Battery can degrade from a number of reasons, but the main 2 reasons are extreme temperature (especially hot temperatures) and keeping the battery fully charged for a long time without discharging. But a brand new battery shouldn’t drop 4 - 5% after a software update.
A lot of people, especially Apple fans and so-called mainstream tech reviewers, often do not criticize Apple or point out its flaws. The iPhone is notorious for having poor thermal cooling capabilities, the CPU often gets hot according to thermal tests. Apple doesn’t want to put a copper heatsink or other thermal cooling hardware inside their iPhones. The hot CPU can cause the battery health to degrade sooner. Some Android phones have very good cooling systems, usually a copper heat pipe, a copper vapor chamber, or thermal pads. Another problem is Apple pushing their MagSafe wireless charger, but wireless charging is known to create extreme amounts of heat which significantly lowers the battery health within a short period of time.
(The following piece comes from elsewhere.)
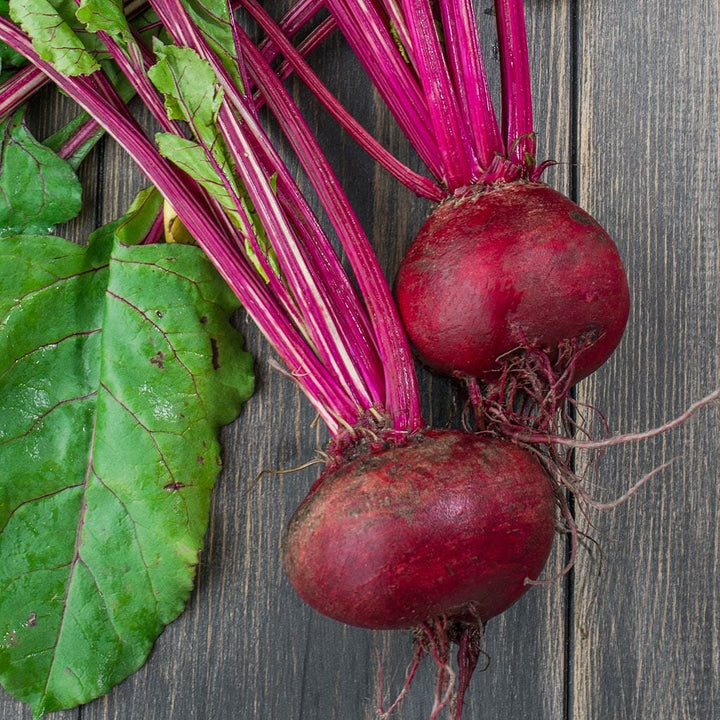 Beetroot Seeds | Buy Online at Seeds of Plenty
And also, Apple was so stubborn, they kept using the Apple lightning connector all the way to the iPhone 14 until the EU forced them to switch to USB C on the iPhone 15 and beyond. The Lightning connector is not very efficient and gets hot, especially when fast charging. So there are other ways the iPhone can get exposed to extreme heat which is not good for the battery health in the long run.
I suspect that Apple may purposely decrease the battery health number after a software update, probably to make people think that their battery health is lower than it actually is. This is because I also saw my battery health drop from 95% to 88% pretty quickly after a software update which was strange.